Julie laughs. “It would be funny to put Robin from ‘Desperate Housewives’ in Defiance. She’d be working as a stripper in the Need/Want. She’d be having some crazy fun time. I think her wonderment…it’d be nice to have. Because Robin was really such a sweet character, such a good person with such a sweet heart. So not jaded and we don’t really see that in Defiance. We don’t have that one character that is that sweet and nice… Well, I mean Christie is.”

So who would Tony want to bring in? “I think it would be fun to have Vincent Van Gogh go to Defiance. I don’t know what he would make of it, but it would be quite funny to see. Or Marcus from Underworld. He would be a power player. Like Datak, you know. They’re both quite ruthless.”

So how would these characters get to Defiance?

“We need Doctor Who first,” Tony decides. “Pick up Matt Smith. Matt Smith can pick up Vincent and…” He looks at Julie. “Have you played many historical figures?”

“I haven’t played one historical figure,” she replies.

“Go to New York, pick up your bird from ‘Desperate Housewives’, and then we can all bang forward to–”

“She’s not in New York; she’s in Paris,” Julie interrupts, but Tony doesn’t miss a beat.

“–Paris,” he continues, with an affected French accent. “Pick up, and we can all head over and join the 46.”

Julie sums it up: “I think basically we came down to: We need Doctor Who first.”

They move on to guest stars the show has actually had.

“I think there’s a lot of interesting characters so far, and some really cool cameos,” Tony says. “The astronaut–the actor who played the astronaut. He was great. Was he nice to work with?”

“He was so sweet,” Julie says. “So lovely. Very genuine. I loved when he hugged Rafe McCaully. I’m just like, ‘Oh no you didn’t! You didn’t just hug him, did you? Nobody hugs Rafe.'”

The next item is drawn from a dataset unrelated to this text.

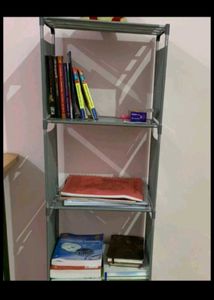 Tall Shelf with Assorted Books
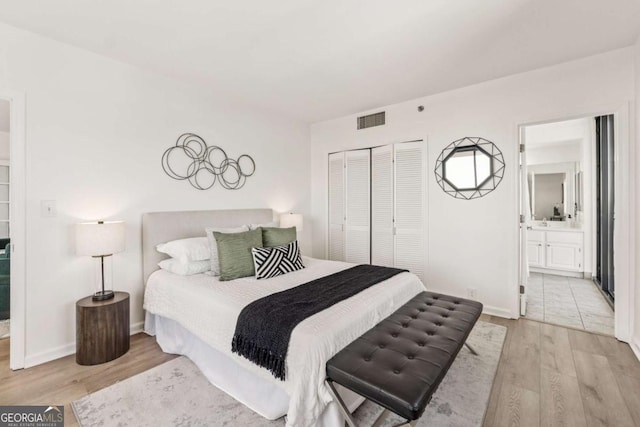 bedroom featuring baseboards, visible vents, ensuite bath, light wood-type flooring, and a closet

“Nobody touches Rafe,” Tony agrees.

The episode contained a dramatic struggle between Amanda and the astronaut (played by Brian J. Smith). But Julie was unphased.

“I’ve been choked before,” she explains. “I worked with a stunt coordinator. They had a stunt double for me, and they kept telling me I don’t need it. They were afraid I was gonna get bruised or I was gonna get hurt. But, I mean, stuff like that, as actors, we can do it. There’s ways you trick it. I basically was controlling his hands. I worked it out with Brian and the stunt coordinator, what we were gonna do and where the action was gonna be, and what the struggle was gonna be like. And I needed him to put pressure on me, but his hands were never really up here.” She points at her throat. “They were kind of down here [closer to the clavicle]. I mean, we really fought; we really struggled. I’m like, ‘I’m gonna just kick, so protect your balls. Just protect yourself; I don’t wanna hurt you. But I will kick and fight you off.'”

“For the record, protect your balls.” Apparently, Tony’s learned from experience. “I learned…The Benzinator…Through no fault of her own.”

“They eventually come off.” Julie laughs. “It’s just the way it happens. I emasculate all men. No…is that what the Benzinator means? What does that mean? Why do you call me that?”

But Tony is tight-lipped. “Keep the Benzinator as ambiguous as you want, my darling.”

“It’s like I’m the Terminator,” Julie concludes.

“Defiance” airs on Monday nights at 9/8c on SyFy.